Forum Discussion
What happens to Cluster shared volumes during network outage?
Based on your description, it seems that the network outage caused the Hyper-V hosts to lose connectivity to the CSV volumes, which resulted in the VMs being stopped and the cluster services being interrupted. This is because the CSV volumes are a shared storage resource that relies on the network for communication between the hosts and the storage.
Your understanding of the SameSubnetDelay and SameSubnetThreshold settings is correct. These settings are used by the cluster to determine how long to wait before taking action when a host becomes unavailable within the same subnet. In the case of a complete network blackout, these settings do not apply, and the remaining hosts will take action immediately.
Regarding the CSV volumes, it's possible that the volumes that were not lost were owned by the hosts that were still up and running. When a host loses connectivity to a CSV volume, it will drop the volume, and the ownership of the volume will be transferred to another host in the cluster. If a host is the owner of a CSV volume and it loses network connectivity, the ownership will not be transferred to another host until the SameSubnetThreshold has been exceeded.
In terms of preventing this from happening again during network maintenance, creating a separate network for heartbeat communication is a good idea. This will provide an additional layer of redundancy and help ensure that the cluster can remain online during a network outage. Additionally, you may want to consider implementing a redundant storage network, such as a separate FC fabric, to provide additional resilience for the CSV volumes.
Mark_Albin Thank you for your response and confirming my thoughts.

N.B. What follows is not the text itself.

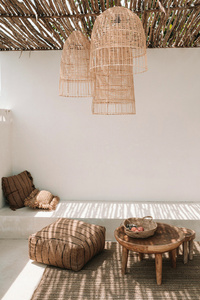 Dining room lamp - The Elba M, rattan, E27, woven boho style lamp small 2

In the last line you mention a redundant FC network/fabric. How would this help without having the extra ethernet network? Since even a second FC fabric would rely on the network communication to be available, correct?
Currently the CSV volumes have 4 paths to each host.

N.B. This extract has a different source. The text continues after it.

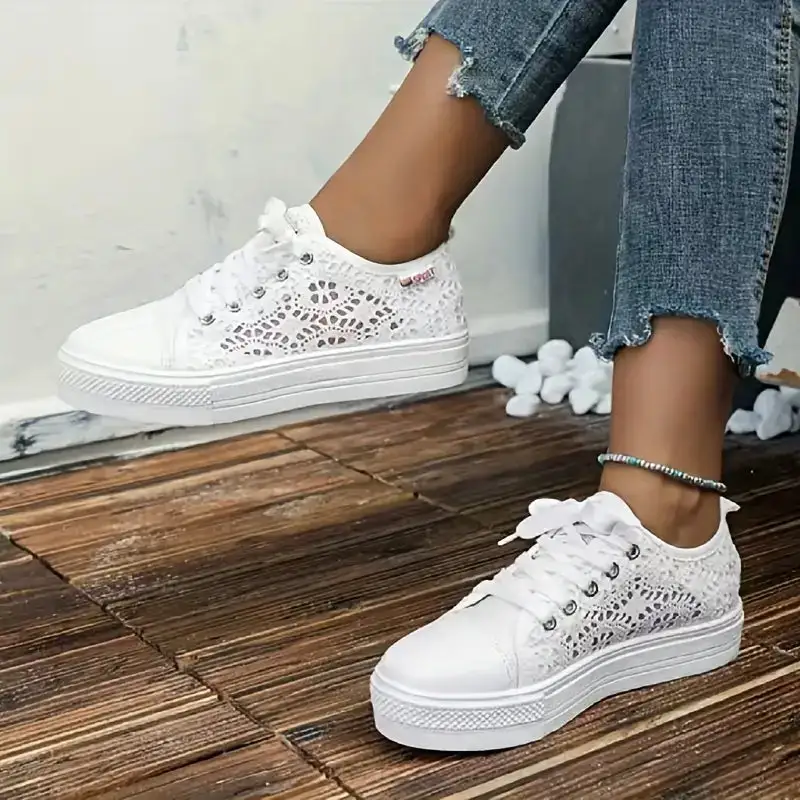  Lace Crochet Platform Sneakers Apparel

- nvfreemaJan 16, 2024Copper Contributor
Gabrie - we experienced the same issue last week when a network ARP event took one of my HyperV clusters down. We had data corruption as the CSV control information was not able to communicate over the Ethernet. The fiber channel was fine, and we do have redundant FC (Alpha/Omega) networks.
Did you ever deploy the out-of-band set of switches in your environment? If so, which networks are you routing across Management (538) , Live Migration(3807), or Cluster Network (3808)? Can't be the Cluster Network - would one of the others even prevent the underlying issue?
Any advice you can provide would be very much appreciated.
Nancy Freeman
- TaysolJan 18, 2024Copper Contributor
This post nearly a year old. I suggest you create a new discussion in order to increase visibility.
I'm going to make the following assumptions; Your use of Alpha/Omega is what is usually classified as A/B Fabric, the Management (538), Live Migration(3807), and Cluster Network (3808) networks you mention are vlans that you have defined within your environment.
I do not see a Cluster Storage Network in your list. You may be depending upon cluster storage's failover behavior for this. The Cluster Storage network will use the Cluster Network if the Cluster Storage Network is unavailable.
In my humble opinion, Cluster Storage in Hyper-V using Fibre Channel is not ready for prime time. Essentially, it is a non-clustering filesystem that achieves clustering by coordinating writes through an out of band communication channel (the Cluster Storage Network.) This leaves you with problems if EITHER the FC or IP network has a brief outage. If your storage were over IP, then this would make sense. It does not make sense for Fibre Channel. An actual clustering filesystem will have a mechanism for coordination over the same pipe as the storage.
If you are using Hyper-V to support enterprise workloads or systems that are intolerant of storage fragility, do not use CSVs. You still have the option of using traditional storage or SMBv3.
In the environments I support, I place systems that do not require live migration (such as Domain Controllers, clustered app servers, clustered db servers, etc) on traditional storage and the have the rest use SMBv3 from a SAN/NAS.
You can certainly take steps to mitigate these types of issues by using a completely separate network using separate physical nics, but careful architecture is required to make sure you do not simply move the problem from one place to another. A short outage on your isolated network will have same impact as a short outage on your non-isolated network. My recommendation would be to use both.